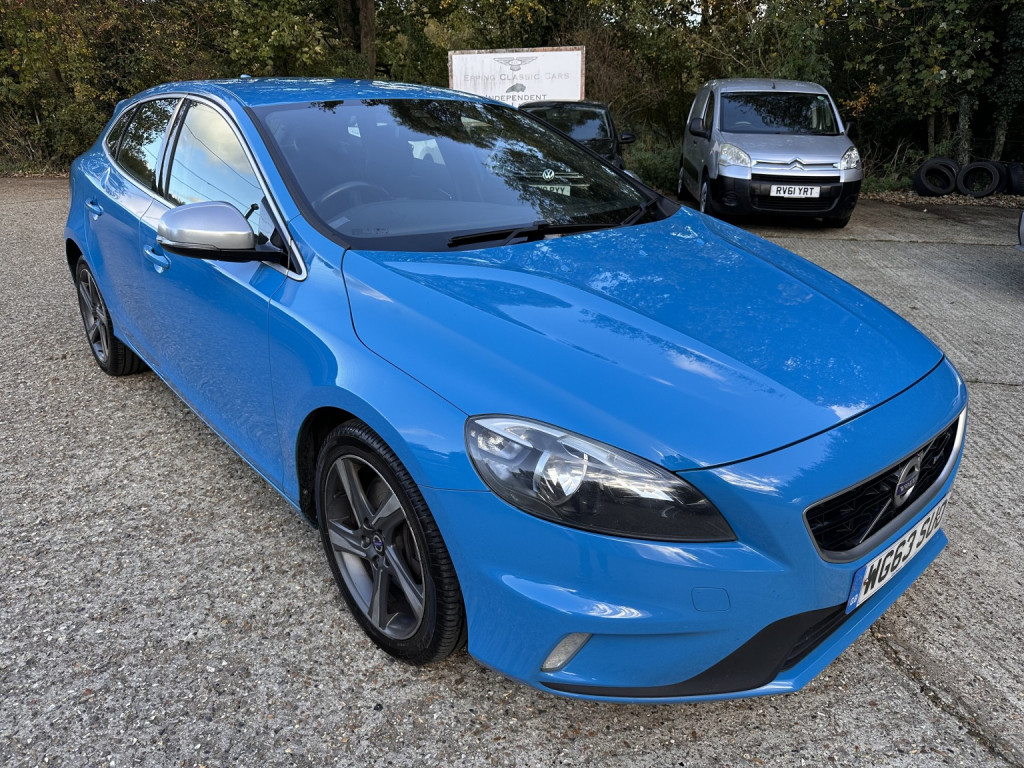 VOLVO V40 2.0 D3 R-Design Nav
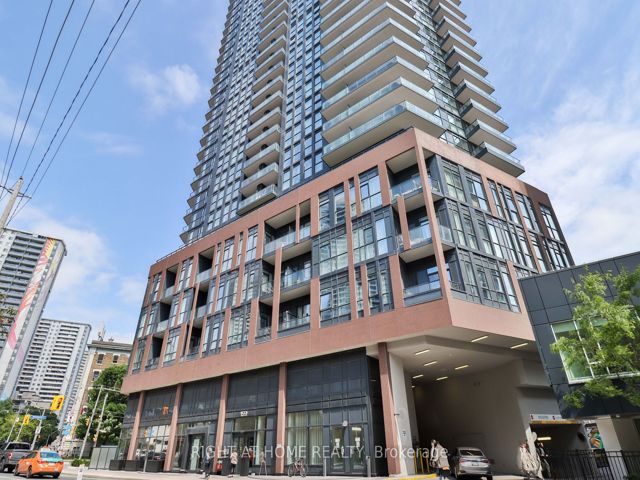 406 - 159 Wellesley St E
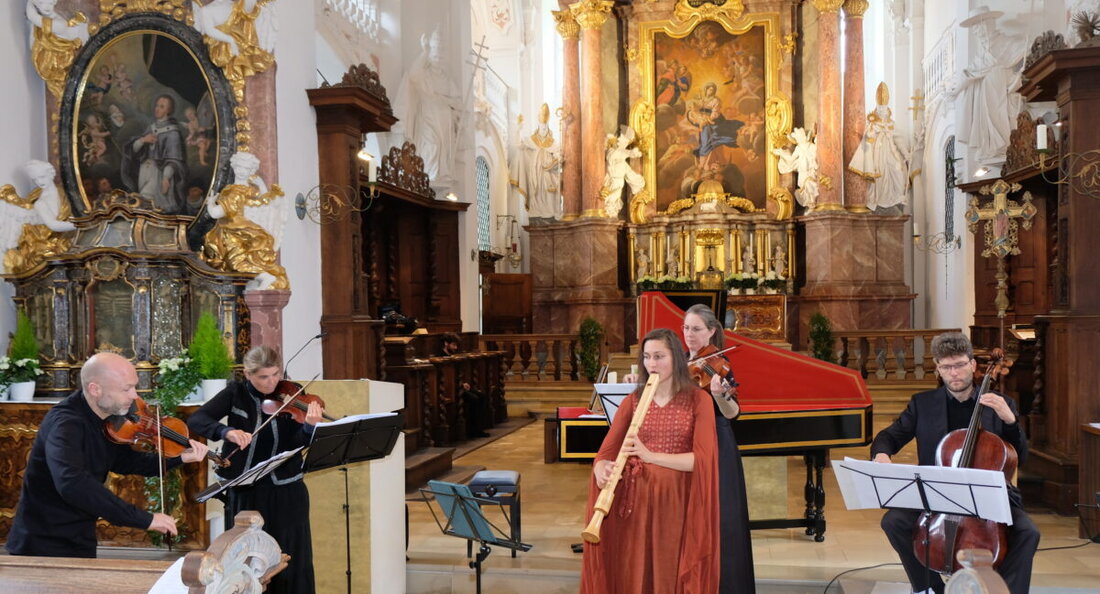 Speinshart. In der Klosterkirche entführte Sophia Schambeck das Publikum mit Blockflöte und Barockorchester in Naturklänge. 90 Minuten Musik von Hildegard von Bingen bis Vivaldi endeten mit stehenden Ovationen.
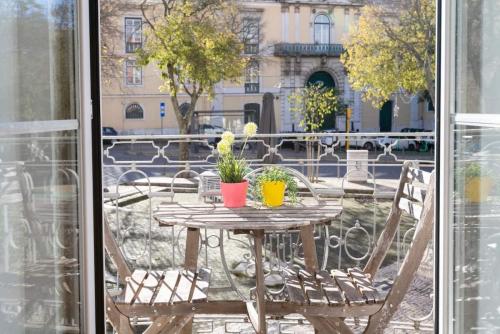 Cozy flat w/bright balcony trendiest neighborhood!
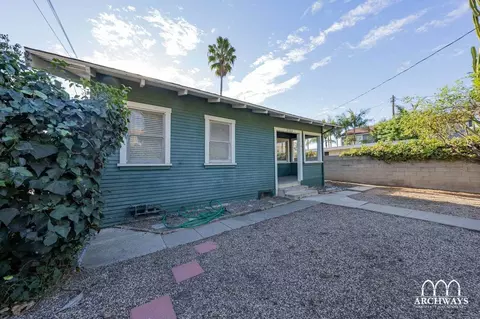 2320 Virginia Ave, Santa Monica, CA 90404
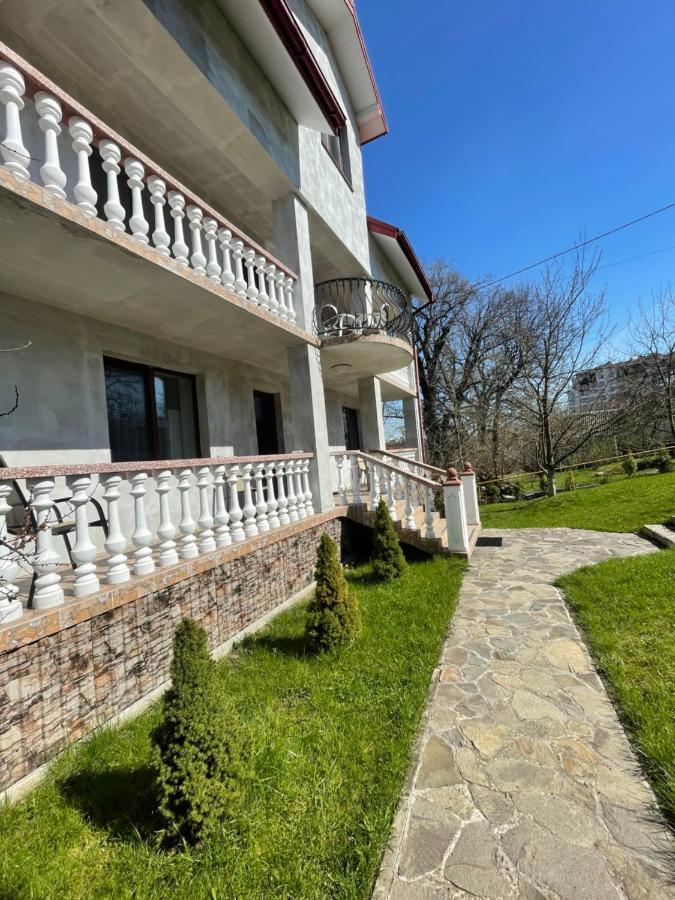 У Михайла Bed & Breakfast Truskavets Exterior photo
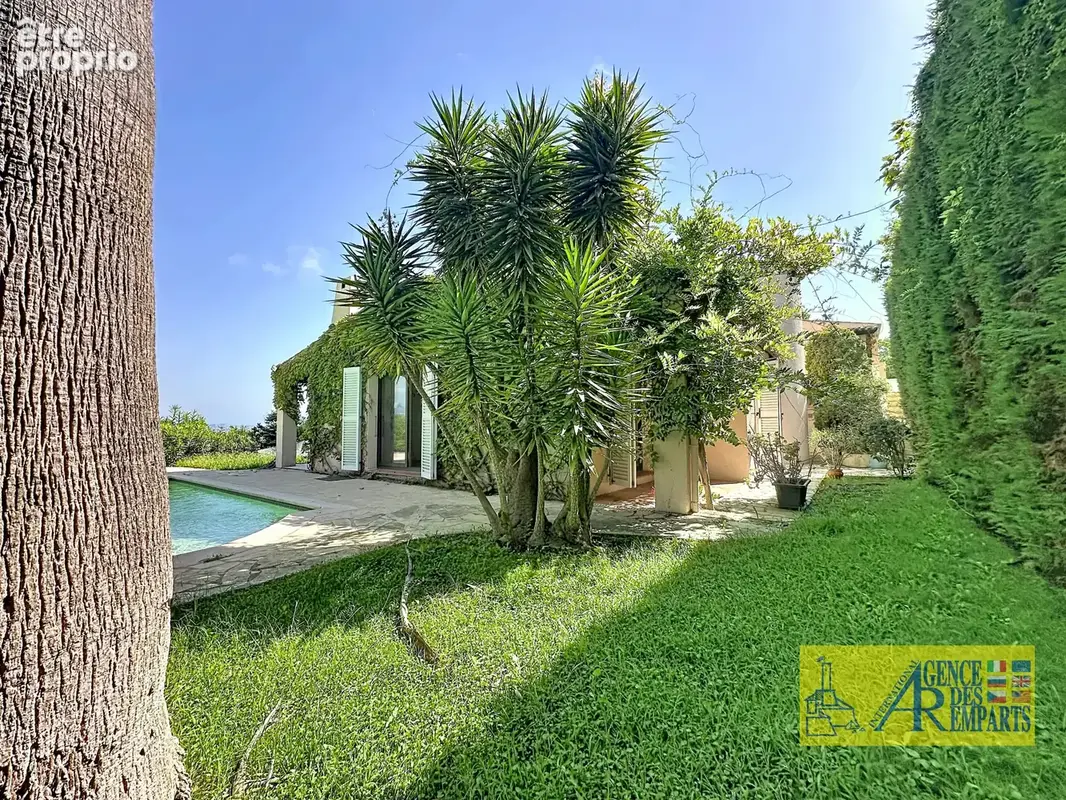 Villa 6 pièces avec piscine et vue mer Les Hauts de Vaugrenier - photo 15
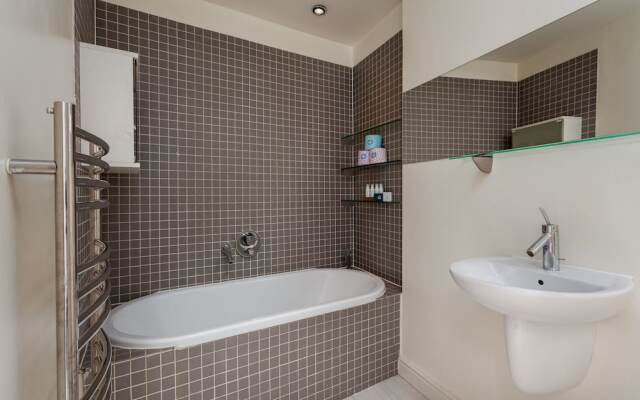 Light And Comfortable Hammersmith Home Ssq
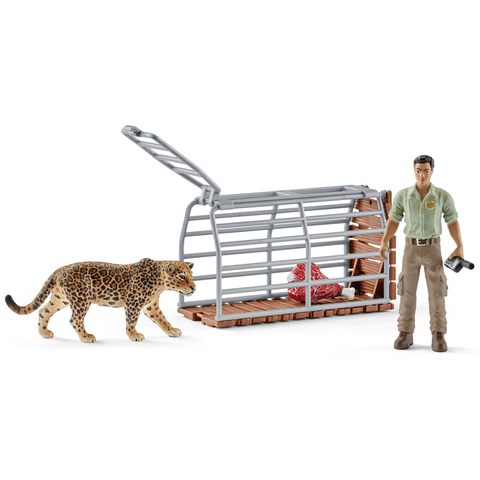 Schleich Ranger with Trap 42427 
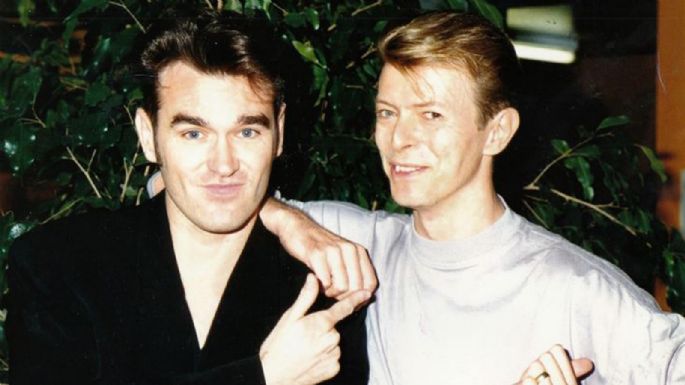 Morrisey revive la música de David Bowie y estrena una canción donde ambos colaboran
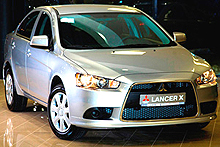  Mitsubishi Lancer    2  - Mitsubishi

• _About this exercise_
Output only the lines from the line that contains "2320 Virginia Ave, Santa Monica, CA 90404" through the end of the material, both ends included, and skip every picture.

• _Worked solution_
 2320 Virginia Ave, Santa Monica, CA 90404
 У Михайла Bed & Breakfast Truskavets Exterior photo
 Villa 6 pièces avec piscine et vue mer Les Hauts de Vaugrenier - photo 15
 Light And Comfortable Hammersmith Home Ssq
 Schleich Ranger with Trap 42427 
 Morrisey revive la música de David Bowie y estrena una canción donde ambos colaboran
  Mitsubishi Lancer    2  - Mitsubishi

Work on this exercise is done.